Down to the last line, set down the material below exactly, excluding pictures.
#### Data section
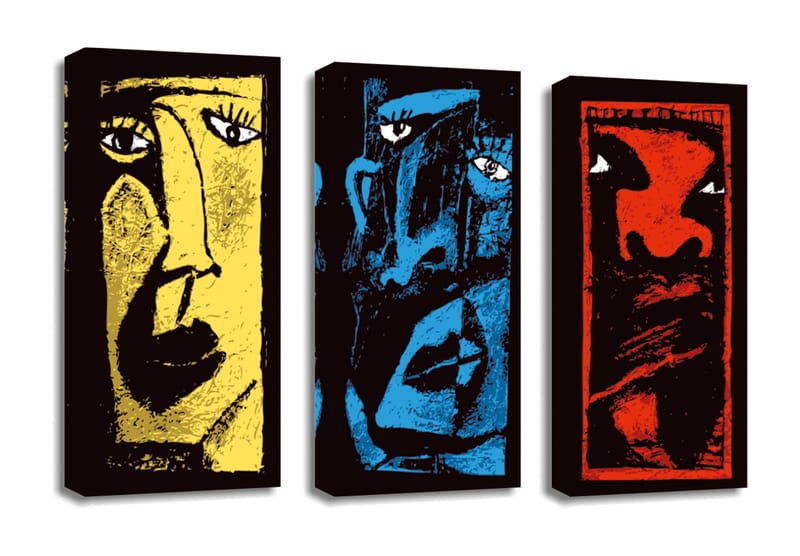 DEKORATIV CANVASTAVLA 3-Delar 45x20 cm Flerfärgad - Inredning & dekor - Tavlor & konst - Canvastavla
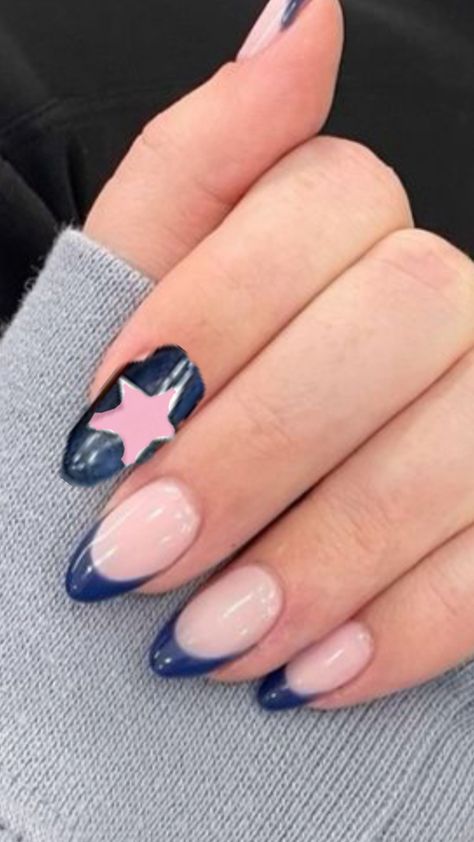 Pink And Navy Nails, Navy Nails, Navy Blue Nails, Baby Pink Nails, Dark Nails, Birthday Nails, Blue Star, Blue Nails, Pink Nails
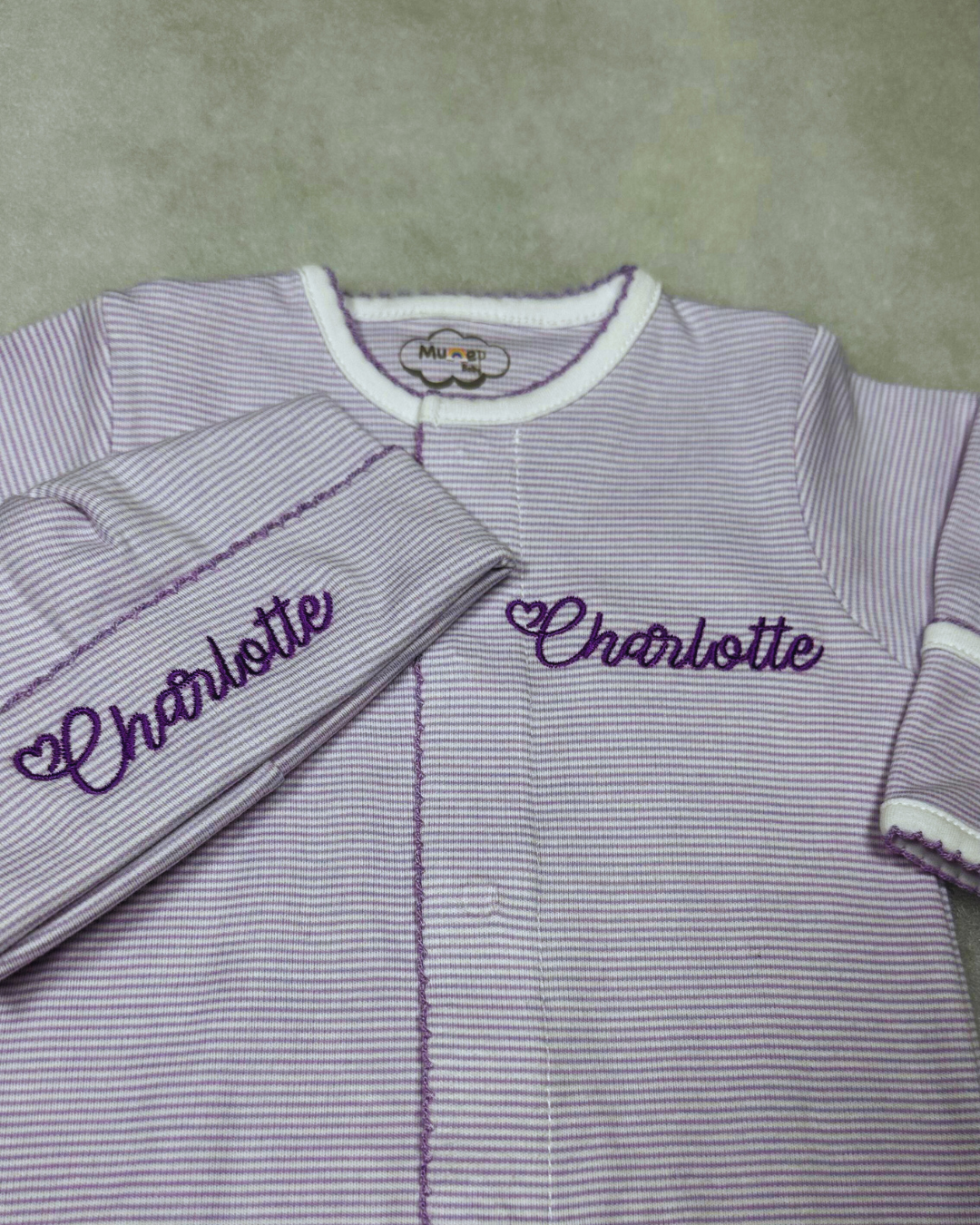 Lavender Tiny Stripe Footie and Hat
########
Solution below:
 DEKORATIV CANVASTAVLA 3-Delar 45x20 cm Flerfärgad - Inredning & dekor - Tavlor & konst - Canvastavla
 Pink And Navy Nails, Navy Nails, Navy Blue Nails, Baby Pink Nails, Dark Nails, Birthday Nails, Blue Star, Blue Nails, Pink Nails
 Lavender Tiny Stripe Footie and Hat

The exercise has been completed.